Drill Head - Bench Drill

Drill Head – Bench Drill

The belt transmits the movement of the motor to the shaft or spindle that holds and drives the tool cut and found inside a sleeve or shirt. Thus the spindle begins to rotate at speeds that vary between 50 and 2000 rpm. To produce the forward movement, a pinion connected to the crank that is rotated by the user meshes with a rack, moving the sleeve up and down and consequently driving the spindle in both directions on the workpiece.

In this video we can see a description of the components of a real drill and the demonstration of these movements.

https://www.youtube.com/watch?v=GXr_nazjmf4

Bench Drills Capabilities

The market offers a wide range of sensitive drills, both on the bench and standing. Knowing their capabilities can guide us on the type of work that each one can perform, so in the following graph we summarize the ranges of some characteristics offered by recognized manufacturers of sensitive drills.

Bench Drill - Comparison Table

Bench Drill – Comparison Table

Tips for maintaining a bench drill

Like all machine tool, from the most economical to the most sophisticated model, a column drill requires maintenance that in the case of bench drills It is simple, but it is not dispensable. Let’s see what we must take into account mainly to ensure a long useful life of our tool.

a) Lubrication

The lubrication of a drill Stationary is important because of the heat and friction generated by moving parts. For this reason, we must consult the recommended lubrication methods in the manufacturer’s manual.

Generally speaking, we must first properly clean the drill after each use, paying particular attention to the slots and holes in the table and base, as well as the drive and feed mechanism components. For that, we must make sure to remove the chips from the belts, pulleys, the spindle and the sleeve, in order to avoid damage to both the moving parts and the precision adjustment. Afterwards, we will put a light coat of oil on all unpainted surfaces to prevent rust.

b) Special care

The operation of a column drill in adverse conditions requires special attention. For example, if the machine is used in a woodworking shop, which involves extremely dusty conditions, we must use it at the lowest speeds to avoid rapid abrasive wear on moving parts and to lubricate the machine more frequently.

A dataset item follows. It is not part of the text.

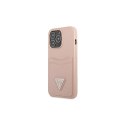 Guess nakładka dla IPhone 13 Pro Max 6,7" GUHCP13XPSATPP hard case różowa Saffiano Double Card Triangle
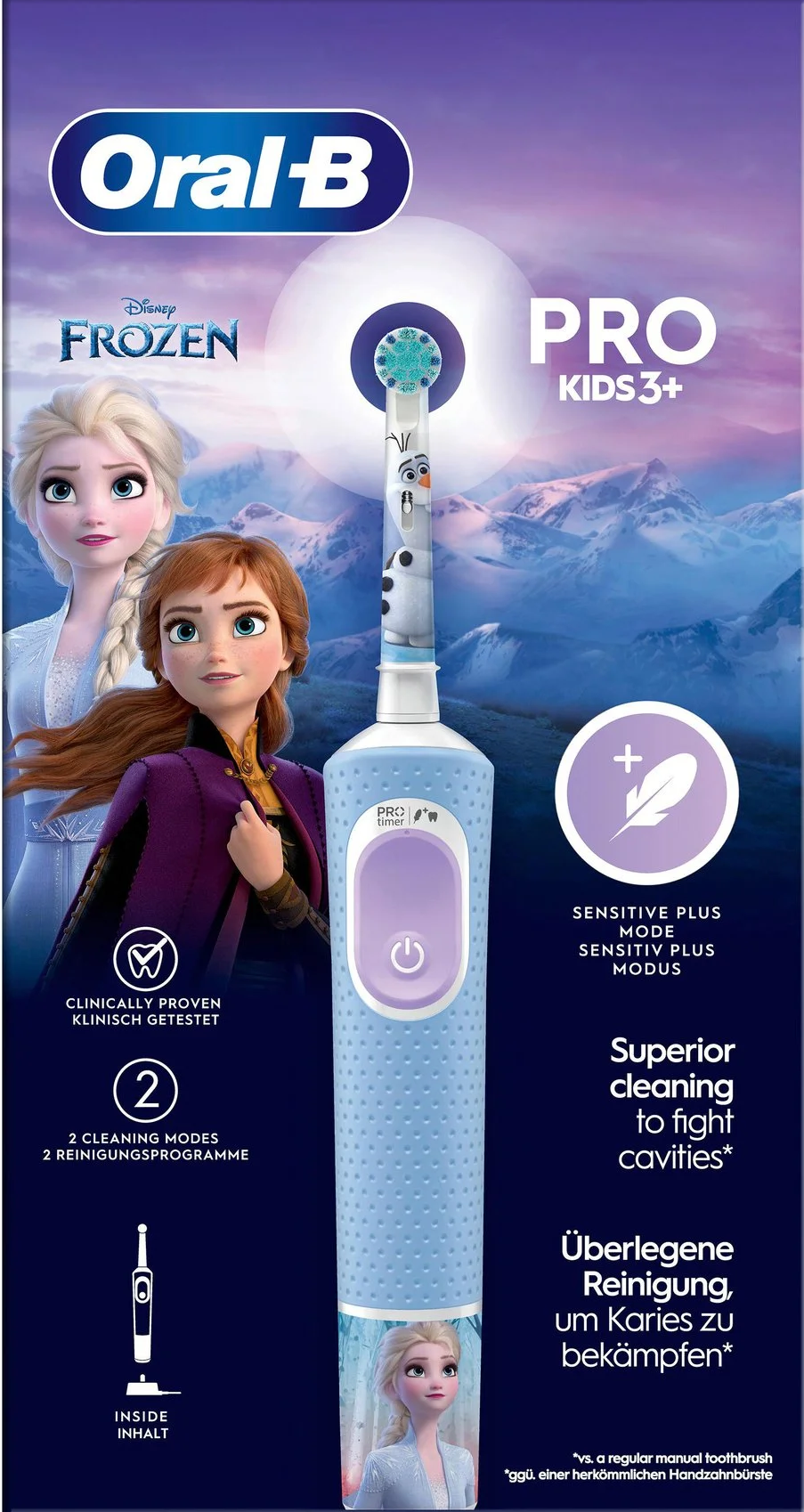 Spazzolino blu Oral-B Pro Kids con personaggi di Frozen, Anna e Elsa, sulla confezione.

In extremely cold conditions, it is a good idea to start the machine at a low speed and allow parts and lubricants to warm up before increasing speeds. The metal becomes very brittle in extreme cold, so we should not hit the machine with tools hard. For its part, extreme heat can cause the engine to overheat, so it is preferable to use the tool on intermittent on / off cycles to maintain a low engine temperature at all times.

Of course, to these measures we must add those relating to safety and personal protection in the use of electric machines. Many of these measures, of general application in various tools and which are also valid for bench drillsWe will find them in articles already published in On Machines and Tools.